Exercise prompt
Would you restate each entry word for word, omitting the pictures?

Task inputs
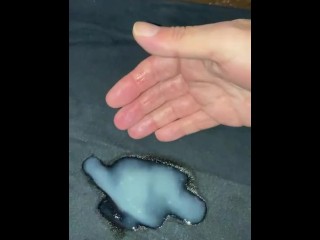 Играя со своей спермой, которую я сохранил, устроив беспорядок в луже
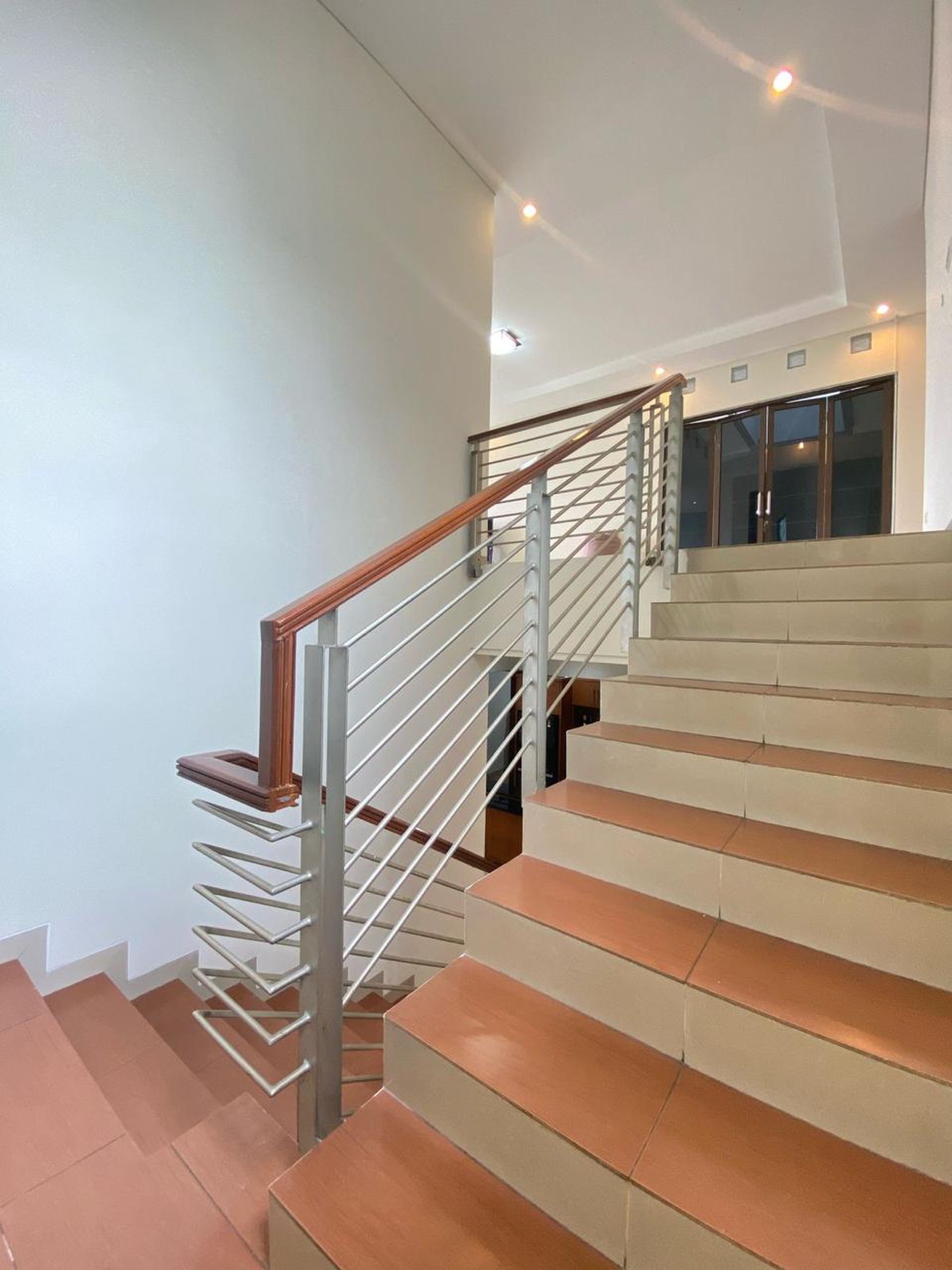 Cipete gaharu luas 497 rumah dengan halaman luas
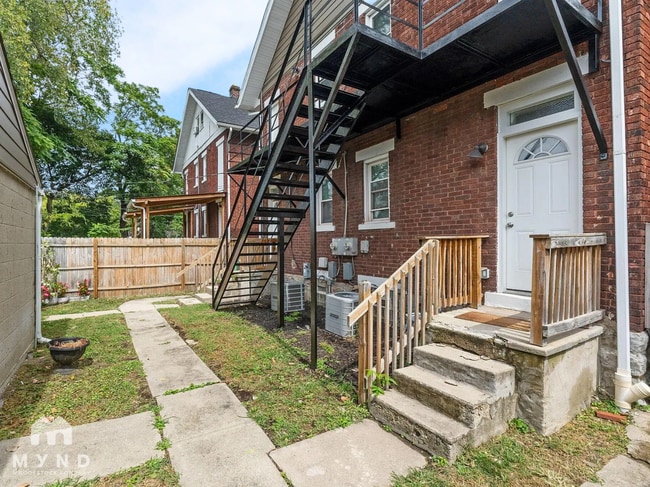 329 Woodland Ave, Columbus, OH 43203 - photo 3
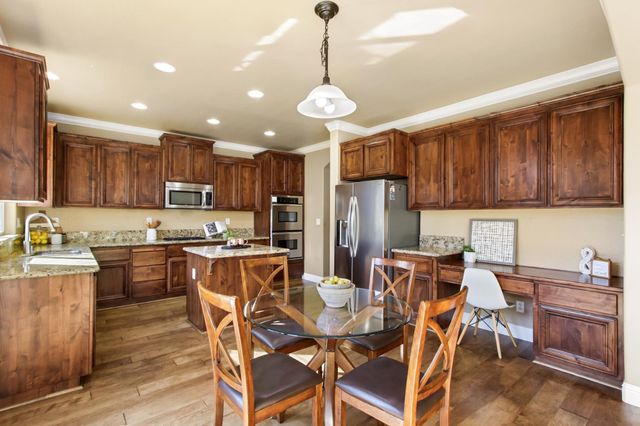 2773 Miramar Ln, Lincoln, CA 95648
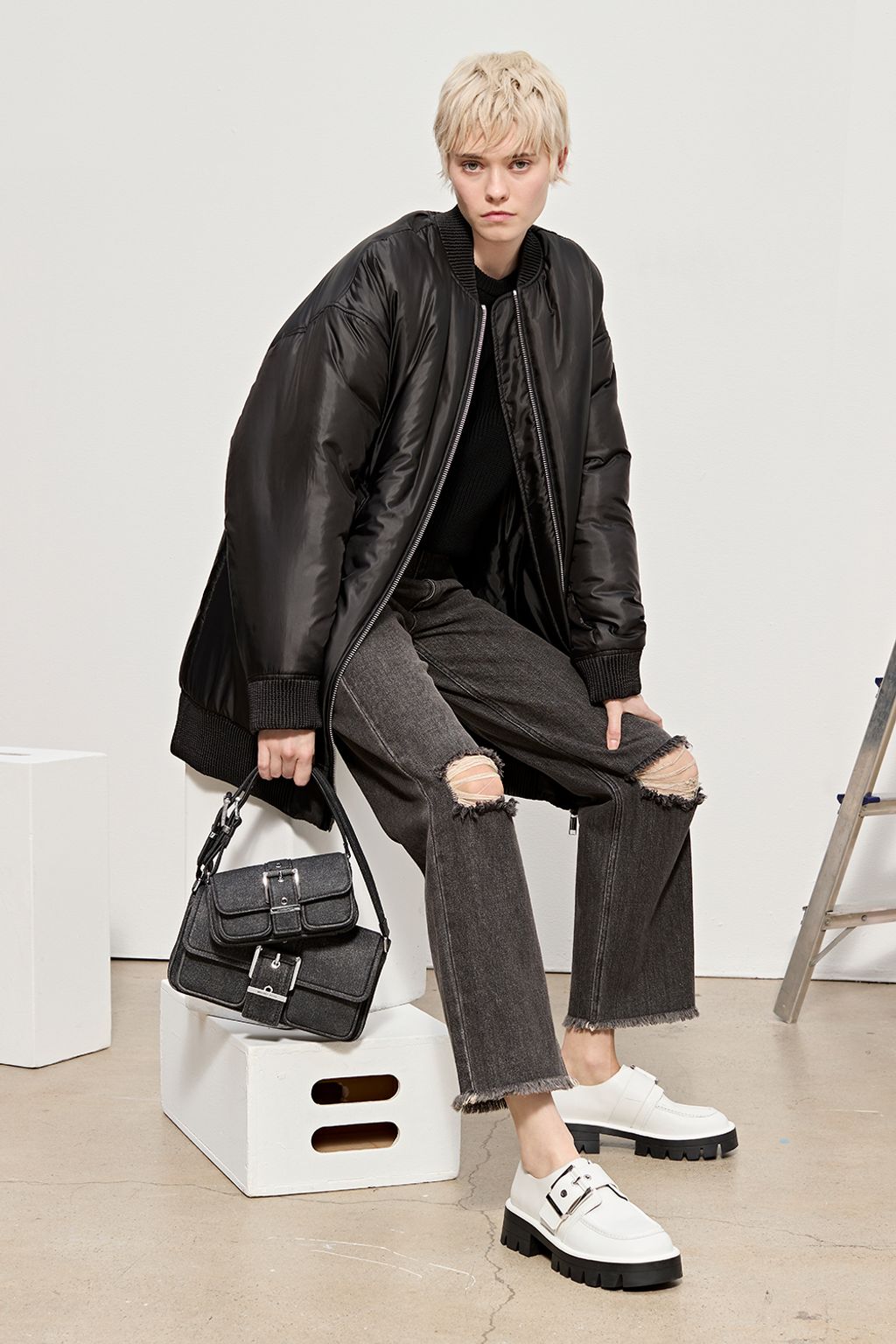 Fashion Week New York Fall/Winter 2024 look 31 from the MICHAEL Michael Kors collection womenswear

Exercise solution
 Играя со своей спермой, которую я сохранил, устроив беспорядок в луже
 Cipete gaharu luas 497 rumah dengan halaman luas
 329 Woodland Ave, Columbus, OH 43203 - photo 3
 2773 Miramar Ln, Lincoln, CA 95648
 Fashion Week New York Fall/Winter 2024 look 31 from the MICHAEL Michael Kors collection womenswear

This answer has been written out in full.